Tutto secondo pronostico, dunque, con una Trogylos Priolo capace di tener testa alle avversarie per quasi tutto l’incontro, salvo, poi, l’inevitabile calo finale – la Gianolla ha chiuso la partita stringendo i denti per un fastidiosissimo crampo al polpaccio – palesato negli ultimi minuti, quando, dall’altra parte, coach Massimo Riga poteva contare sulle forze fresche di un roster composto, praticamente, da 10 potenziali titolari.
 

Si spiega così il 66-52 finale (18-20, 29-30, 38-45, i parziali) a favore delle venete, le quali, a 2’e 50’’ dalla sirena di chiusura, sembravano impallidire di fronte all’ultima fiammata d’orgoglio biancoverde, con Seino che faceva 2/2 dalla lunetta riportando le siciliane a soli 4 punti di distacco (53-49).

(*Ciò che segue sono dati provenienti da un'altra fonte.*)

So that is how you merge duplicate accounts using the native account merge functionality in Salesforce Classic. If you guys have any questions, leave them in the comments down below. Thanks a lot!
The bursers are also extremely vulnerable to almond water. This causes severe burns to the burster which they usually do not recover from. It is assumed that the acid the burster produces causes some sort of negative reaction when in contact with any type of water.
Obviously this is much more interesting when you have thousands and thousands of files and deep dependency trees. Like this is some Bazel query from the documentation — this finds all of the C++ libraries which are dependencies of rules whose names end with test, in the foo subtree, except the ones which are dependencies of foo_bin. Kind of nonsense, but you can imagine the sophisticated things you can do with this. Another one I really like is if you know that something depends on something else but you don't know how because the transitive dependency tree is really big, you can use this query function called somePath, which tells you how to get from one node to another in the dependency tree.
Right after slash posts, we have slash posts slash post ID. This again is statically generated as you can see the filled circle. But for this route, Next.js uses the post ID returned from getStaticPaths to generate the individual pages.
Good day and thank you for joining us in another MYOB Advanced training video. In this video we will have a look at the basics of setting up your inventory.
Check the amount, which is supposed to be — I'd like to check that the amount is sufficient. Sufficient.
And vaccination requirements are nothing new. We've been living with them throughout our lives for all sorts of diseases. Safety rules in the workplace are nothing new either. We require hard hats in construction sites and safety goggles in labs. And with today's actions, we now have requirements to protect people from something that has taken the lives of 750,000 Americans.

Ma a coach Riga è bastato girar il quintetto, trovando, prima in Jokic e Cirone, poi in Hayden e Vujovic quelle “armi in più” capaci di chiudere il match in crescendo fino al risultato finale, che ha coinciso anche con il massimo vantaggio.

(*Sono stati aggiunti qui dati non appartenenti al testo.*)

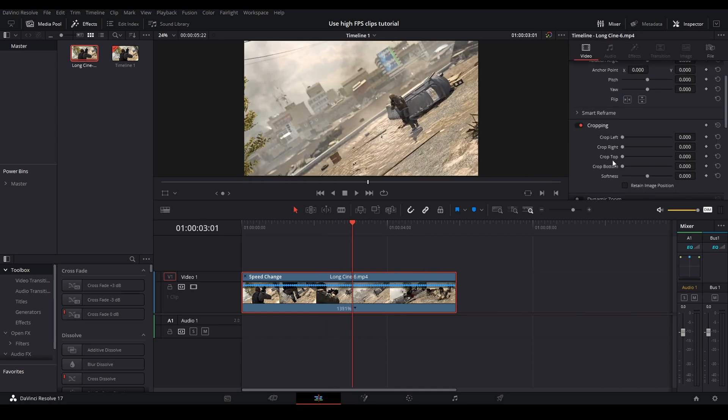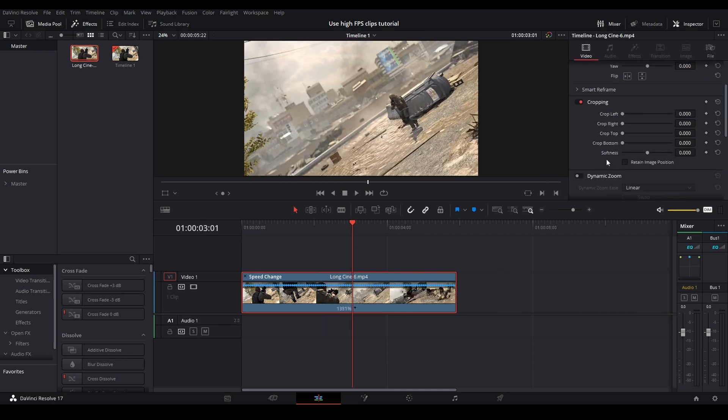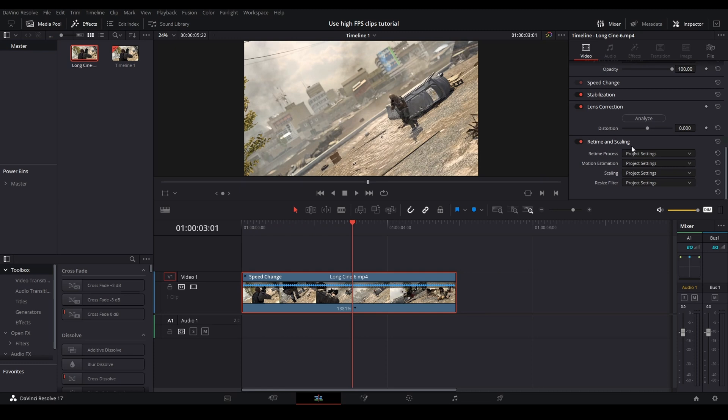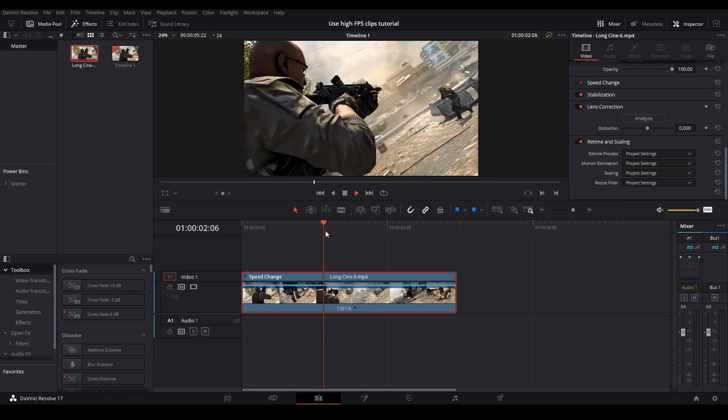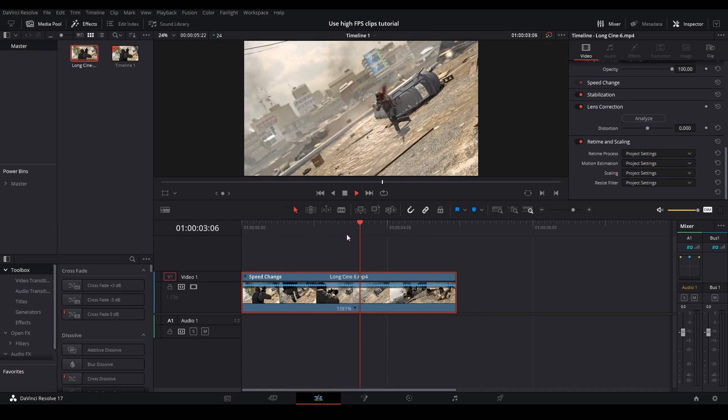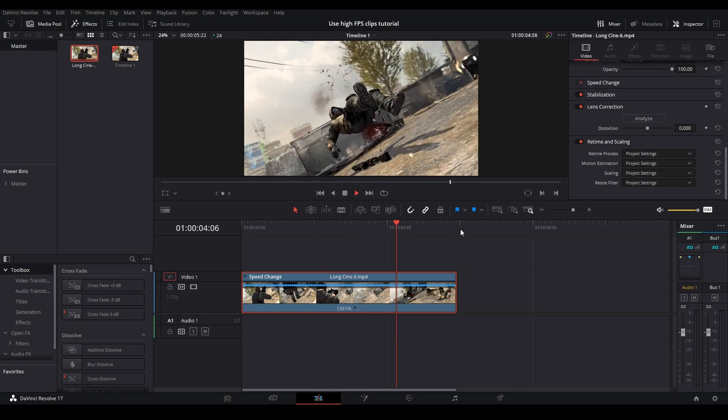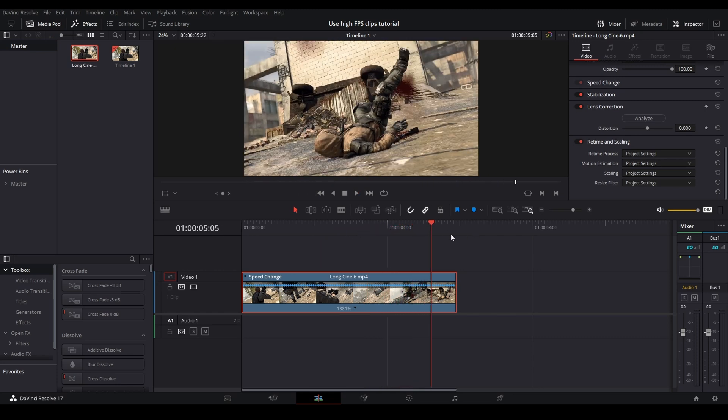And with this method of using a high FPS clip like 600 or 1000, you do not need to change your retime scaling because there are so many frames to work with that there is no need to interpolate and create new frames.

L’incontro (ultimo della prima giornata – sabato 11 ottobre – di partite in programma al PalaTiziano di Roma, contestualmente all’“LBF Opening Day”) ha vissuto delle sfide di Pascalau contro la “mastodontica” Hayden sotto le plance, di Gianolla contro Sottana in cabina di regia e Green contro Vujovic, salvo, come suddetto, le “rotazioni” di cui Venezia ha potuto giovarsi: Ballardini (la migliore tra le sue con 13 punti all’attivo), Nadalin e Jokic spesso a sostituzione delle “titolari”, senza far patire alcun calo tecnico alla squadra veneta. Fin quando le energie delle giocatrici in campo è rimasta sullo stesso livello, la Trogylos ha mostrato di potersela giocare alla pari con chicchessia, a patto di poter contare su qualche cambio valido in più.
Buona la prova della Green (top scorer del mactch con 14 punti, al 56% da due), con Cirov, invece, ancora da rivedere in posizione d’ala.
 

Per la società presieduta dall’avvocato Giuliano, rimane alta la soddisfazione di essere scesa in campo con un nastrino rosa cucito sulle maglie, in seno alla campagna “Nastro Rosa 2008” (di cui la Trogylos Priolo è madrina), patrocinata dalla Lega Italiana per la Lotta contro i Tumori.
E adesso, ci si prepara già per Napoli.
“Napoli è una squadra già un po’ più abbordabile – questa la “previsione” di Santino Coppa – anche se andare ad affrontarla in questo periodo sul suo campo potrebbe risultare altamente problematico. Abbiamo ancora diversi giorni per preparaci a questa difficile trasferta, quindi cercheremo di bruciare le tappe per poter essere nelle migliori condizioni possibili”.
 

E intanto, nelle giornate di domani, martedì 14, e sabato 18, dalle 17 alle 20, presso l’impianto Auchan di Belvedere, sarà possibile, nello stand della squadra priolese, acquistare gadgets vari e l’abbonamento per il torneo appena partito a soli 35 euro. L’iniziativa è ghiotta, dato che, a partire da lunedì 20, i prezzi delle tessere (che daranno diritto ad assistere a tutte le partite in casa dell’Erg Acer, più la prima di eventuale playoff) torneranno al prezzo standard di 65 euro.